The novel’s central tension unfolds through Millie’s unsettling tenure as the Winchesters’ housemaid. Her days are dominated by the erratic Nina and Nina’s insufferably spoiled daughter, Cece. Millie finds comfort in the paycheck, the prospect of saving for a new beginning, and the quiet allure of the handsome Andrew Winchester. But the longer she remains in the house, the more convinced she becomes that something about Nina is profoundly wrong, an unsettling realization that blurs the lines between suspicion and Millie’s growing attraction toward the older, charismatic Andrew. Yet pursuing that attraction could provoke Nina’s fury, a risk Millie isn’t sure she can afford to take.
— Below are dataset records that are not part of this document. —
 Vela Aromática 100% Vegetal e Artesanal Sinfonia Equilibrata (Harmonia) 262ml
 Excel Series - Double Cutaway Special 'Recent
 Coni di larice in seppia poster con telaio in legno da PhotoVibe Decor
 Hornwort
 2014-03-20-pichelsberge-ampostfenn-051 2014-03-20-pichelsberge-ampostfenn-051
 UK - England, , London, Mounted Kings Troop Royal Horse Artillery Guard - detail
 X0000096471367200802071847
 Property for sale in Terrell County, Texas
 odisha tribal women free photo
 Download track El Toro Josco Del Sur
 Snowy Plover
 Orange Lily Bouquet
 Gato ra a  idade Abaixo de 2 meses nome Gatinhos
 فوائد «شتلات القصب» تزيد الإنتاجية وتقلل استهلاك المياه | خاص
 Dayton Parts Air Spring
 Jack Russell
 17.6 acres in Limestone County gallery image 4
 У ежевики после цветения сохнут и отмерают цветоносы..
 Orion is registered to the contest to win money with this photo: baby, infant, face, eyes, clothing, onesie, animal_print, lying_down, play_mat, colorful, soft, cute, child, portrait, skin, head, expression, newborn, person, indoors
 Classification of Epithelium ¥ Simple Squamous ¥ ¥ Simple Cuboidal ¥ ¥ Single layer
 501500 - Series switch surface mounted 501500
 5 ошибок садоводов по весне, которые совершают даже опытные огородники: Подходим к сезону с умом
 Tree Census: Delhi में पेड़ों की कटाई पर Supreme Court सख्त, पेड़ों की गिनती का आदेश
Of course, the possibility of an affair between the young, attractive housemaid and the handsome master of the house is as cliché as thrillers come. But Freida McFadden layers the premise with twists about power, privilege, manipulation, and class divide, turning a basic ‘evil employer versus oppressed employee’ setup into a tense game of crime, strategy, and passion.
The last chapter finally reveals the details of the violent crime which made the unknown narrator think they would be leaving in handcuffs. All the grisly details are laid bare, the perpetrator of a murder is unmasked, and even though the reader knows somebody dies at the end, the events leading to the climax are quite unexpected.
Except for a few convenient plot holes (like how come there aren’t any CCTV cameras around a super posh locality to corroborate who was around the crime scene on a give day OR how come nobody bothers to check the victim’s phone for any evidence… OR a bunch of other things) ‘The Housemaid’ is an easy to read, bingeworthy thriller with some wicked twists. It took me only two days to read the novel, and given how I have been reading some other titles for weeks now, full praise to the author for keeping things entertaining.
The final stretch could have leaned a bit further into the madness, and a few characters might have benefited from deeper development. But adding more might also have slowed the pace. In its current form, The Housemaid moves quickly and delivers exactly what it promises – an entertainingly readable weekend thriller.
Rating: 4 on 5 stars. The Housemaid is on Kindle Unlimited.